When I visited Darek last year, I was blown away by the vast mountain of wood chips located on one side of his property. He explained that he employs wood chips as ground cover for all of his plantings, and the mountain is periodically replenished by the truckload by arborist friends—much to the chagrin of the county, which looks askance at massive mounds of mulch, as the fermenting mass generates heat and can present a fire hazard. Indeed, I shoved my hand deep into the fermenting mass, and it felt like a heating pad, and I understood how it might pose a fire risk (he assured me that the mulch mountain quickly finds its way into the various plots he works in Sonoma). All too often, we look at organic agriculture as a matter of inputs and outputs and fail to consider Rodale’s central argument: organic farming is all about building soil health, and healthy soil yields more nutritious and flavorful fruit. Mulch and the thriving soil biome that it facilitates are key to everything Darek does. Darek once observed, “I like to fix broken things,” and he does operate as a bit of a vineyard savior, taking neglected and abused parcels and bringing them back to productive life.

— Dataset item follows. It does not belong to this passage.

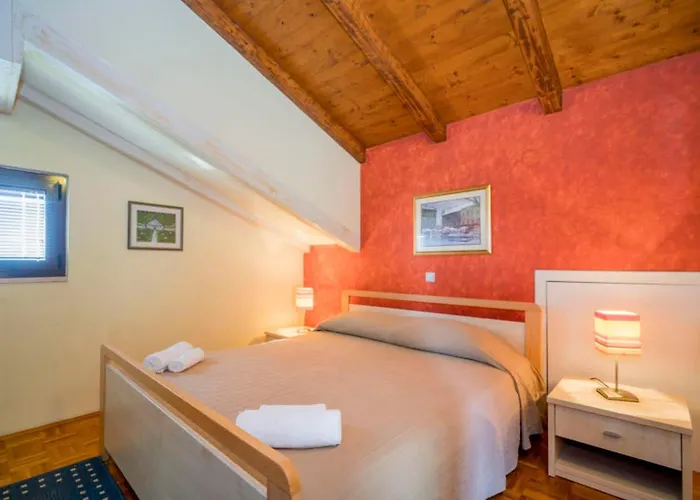 Апартаменты Apartments With Pool Villa Rossella 1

We’ll be tasting a wine, now with 15 years of bottle age, made from a plot of centenarian abouriou planted by his great-grandfather in the 1890s. Few in California work this old variety from southwestern France, and fewer than 1,000 acres of it are still under cultivation in France today. I asked Darek why his great-grandfather chose to work with this obscure grape, and his response was simply, “he liked it.” We’ll also be tasting new releases of two customer favorites: one is “L’Aureate,” a skin-contact chardonnay that’s 180 degrees different than pretty much any other California manifestation of the variety; the other is “Single Cloud,” a co-fermentation of red and white grapes from a tiny vineyard that you can circumambulate in ten minutes. To follow, three other co-fermentations, all from different plots, and with quite a varied roster of varieties, ranging from mondeuse to trousseau gris.